Axis Securities expects TCS to report revenue growth of 1.6% QoQ, aided by deal ramp up, and longer working days. However, the brokerage expects wage hikes during the quarter to likely result in margin contraction to the tune of 107bps.

Meanwhile, JM Financial expects TCS constant currency revenue growth to be around 1.4%, with 30bps cross
currency headwind translating into 1.1% QoQ USD rev growth.

JM also said, "Wage hike is the major margin headwind for TCS. We however expect its impact to be partially offset by operational efficiencies - utilisation, pyramid etc."

Also, the brokerage believes that a one-time penalty (up to USD 194mn), due to an adverse judgement by a US district court, could impact reported earnings. However, the quantum of impact is not yet built though.

Moreover, Kotak Institutional Equities estimates include US$150 mn from the BSNL deal, marginal growth compared to the Mar-24 quarter for TCS earnings in Q1.

Kotak said, " Revenue growth would be driven by the ramp-up of strong order signings in the earlier quarters. We expect weak revenues in financial services and telecom. We forecast a 140 bps qoq decline in EBIT margins due to wage revision and likely a decline in utilization rates. We forecast a 140 bps yoy increase in EBIT margins."

Kotak also expects TCS to record US$11-12 bn of deal wins, driven by the high rate of closures of cost take-out deals.
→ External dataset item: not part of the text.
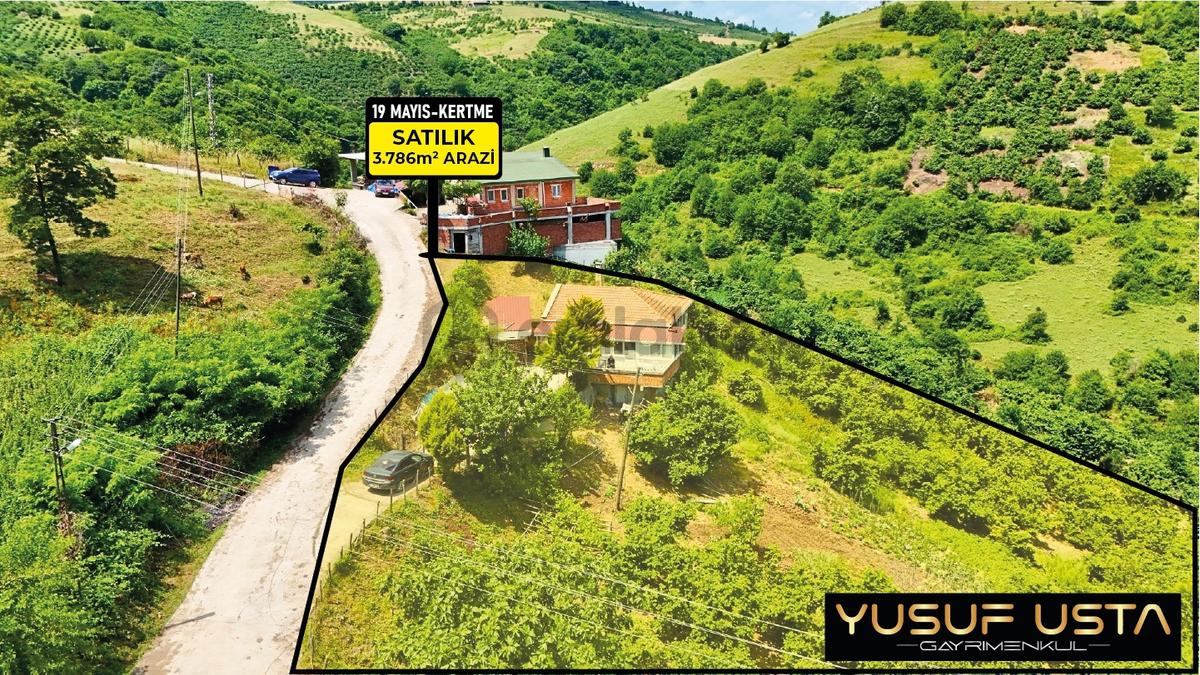 Yusuf Usta Gay - 25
The renewal component in deals will be higher, in its view.

Furthermore, as per Kotak, the focus will be on TCS' ability to leverage its strengths in 'Run' spending and outperform on revenue growth in FY2025E. TCS also has won quite a few mega deals which can contribute ~2.5% growth in FY2025E.
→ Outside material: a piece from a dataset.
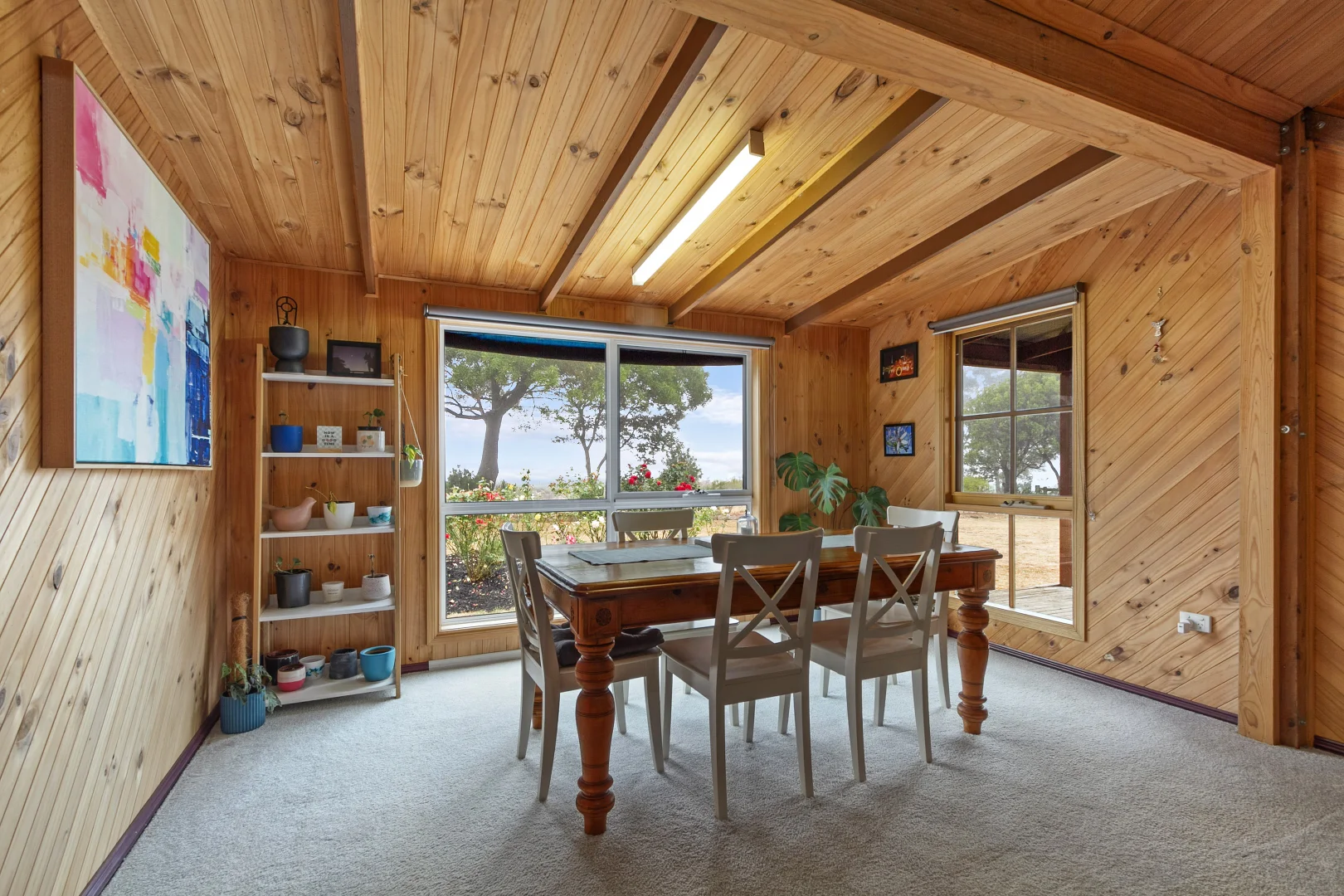 Additional image 6 of 685 Foster Road, Boolarra South VIC 3870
To investors, Kotak advised to focus on -- (1) the outlook in the financial services vertical and any loss of share to insourcing at large clients, (2) the state of spending in the impacted North America market and financial services, hi-tech & telecom verticals; (3) pipeline of deals; (4) state of discretionary spending and what would it take to revive the same; (5) impact of GCC ramp-up on growth of companies; and (6) levers to defend and increase margins.

Ahead of Q1, TCS's share price on July 1oth traded at Rs 3988.60 apiece, marginally down on BSE with a market cap of Rs 14,41,934.51 crore. The stock's 52-week high and low is at Rs 4,254.45 apiece and Rs 3,250 respectively.

Apart from Q1 results on July 11, TCS' board of directors will also consider interim dividend for FY25. The company also fixed the record date.

TCS said, "The interim dividend if declared, shall be paid to the equity shareholders of the Company whose names appear on the Register of Members of the Company or in the records of the Depositories as beneficial owners of the shares as of Saturday, July 20, 2024, which is the Record Date fixed for the purpose."

During Q4FY24, TCS TCS posted a consolidated PAT of Rs 12,434 crore, attributable to owners of the company, registering a growth of 9.1% YoY. Sequentially, the growth in the bottom line came in at 12.44%. Consolidated revenue from operations stood at Rs 61,237 crore in Q4FY24, rising by 3.51% from Rs 59,162 crore in the same quarter a year ago. While revenue was up by 1.08% from Rs 60,583 crore in Q3FY24.

In constant current, revenue growth was at 2.2% year-on-year in Q4FY24. The growth was led by Indian business which registered an upside of 37.9%. In segment-wise, TCS recorded healthy growth in manufacturing at a staggering 9.7% YoY, followed by 7.3% growth in Energy, Resources and Utilities, and 1.7% growth in the Life Sciences & Healthcare business.